Directed by: #ManoranjanDSami
Written by: Manoranjan D'Sami
Except for its chilling final scene, themes of misogyny, sex-selective abortions and inequality of gender roles are left lacking in this drama from writer-director Manoranjan D’Sami. Focused on Indian mother and wife Nandhini who is pregnant again, the film revolves around the pressures placed upon her for the child to be a boy. This demand comes from her husband Kaalan, who is displeased at his first child being a daughter, a “mistake” that shall be fixed with the arrival of a son. D’Sami has this become a film about a woman questioning her role within this world and how that world will affect her daughter. It’s clear that the status quo doesn’t respect woman’s rights, this ridiculous notion that they are to be homemakers and birth male heirs, a highly archaic notion that traps Nandhini.
The credits of the film feature headlines and messages speaking to the horrifying realities of the patriarchy’s grip on India, referencing infanticide and selective abortion. D’Sami adds this to give real-world context to the weight of the film but none of this reality comes across just a presentation of a missed opportunity. Nandhini contemplates an abortion with the film staying ambiguous to what her final choice is concerning her future but the direction of the script fails to capture this ominous burden and consequences.

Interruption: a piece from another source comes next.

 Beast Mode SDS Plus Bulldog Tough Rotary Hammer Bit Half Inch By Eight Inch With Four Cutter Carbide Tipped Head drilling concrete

Kaalan Nandhini suffers from a lack of subtlety in its presentation and portrayal as the examination of this chauvinistic reality feels heavy in exposition. While P Nithya’s central performance delivers that much-needed sense of sympathy and helplessness much of the film feels stilted in how it presents conflicts between characters and information to fuel the debate about its themes. Data and figures shoehorned into dialogue or fights between Nithya and her husband lacking a personal depth to make this content cut deep. The score from G. Yuvan Karthik is overbearing and out of place, robbing scenes of their emotional intimacy. Though despite these faults there is clear respect from D’Sami on wanting to educate his audience about these realities, not demonising the struggles or desperation of Nithya but making it a reflection of the society. The film, however, doesn’t go far enough in making memorable or effective even with high points from P Nithya or Joe Allen’s cinematography.
Kaalan Nandhini ends strong displaying the potential and power to the film’s premise as that inescapable truth becomes so tragically clear in the most mundane of actions. D’Sami’s direction though makes the journey to that moment so muddled that it’s annoying the whole film didn’t take similar creative choices. To the uninformed audience on this issue, the film won’t do much to enlighten you on the specifics only offer a mere glimpse into such an unfortunate yet seemingly commonplace state of mind.